Bayesian Meta-Analyses Could Be More: A Case Study in Trial of Labor After a Cesarean-section Outcomes and Complications
Ashley Klein, Edward Raff, Marcia DesJardin
TL;DR
The paper addresses bias in medical meta-analyses when a key decision variable is unmeasured, using TOLAC and Bishop score as a case study. It develops a Bayesian hierarchical meta-analysis that treats the Bishop score as a hidden mediator with provider-discretion thresholds, informed by clinician priors, and compares it to standard fixed-effects. In 16 studies with 7049 patients, the Bayes estimate for the cesarean risk ratio is $RR = 1.04$ (95% CI $[0.93, 1.18]$), indicating no difference after accounting for the mediator, whereas a naive fixed-effect analysis suggested harm.
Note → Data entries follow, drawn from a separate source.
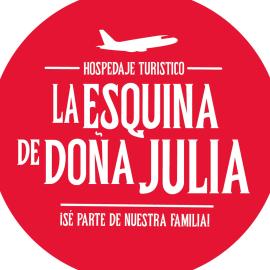 La Esquina de Doña Julia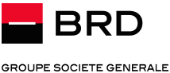 BRD Logo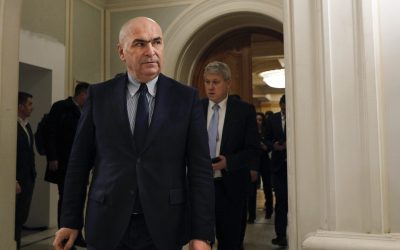 Predoiu, mesaj clar în PNL: Susținem președintele, indiferent de consecințe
The approach demonstrates how incorporating a known mediator can correct biased inferences, guiding clinical decisions and trial design, and underscores the need for reporting Bishop scores in primary studies.
Abstract
The meta-analysis's utility is dependent on previous studies having accurately captured the variables of interest, but in medical studies, a key decision variable that impacts a physician's decisions was not captured. This results in an unknown effect size and unreliable conclusions. A Bayesian approach may allow analysis to determine if the claim of a positive effect is still warranted, and we build a Bayesian approach to this common medical scenario. To demonstrate its utility, we assist professional OBGYNs in evaluating Trial of Labor After a Cesarean-section (TOLAC) situations where few interventions are available for patients and find the support needed for physicians to advance patient care.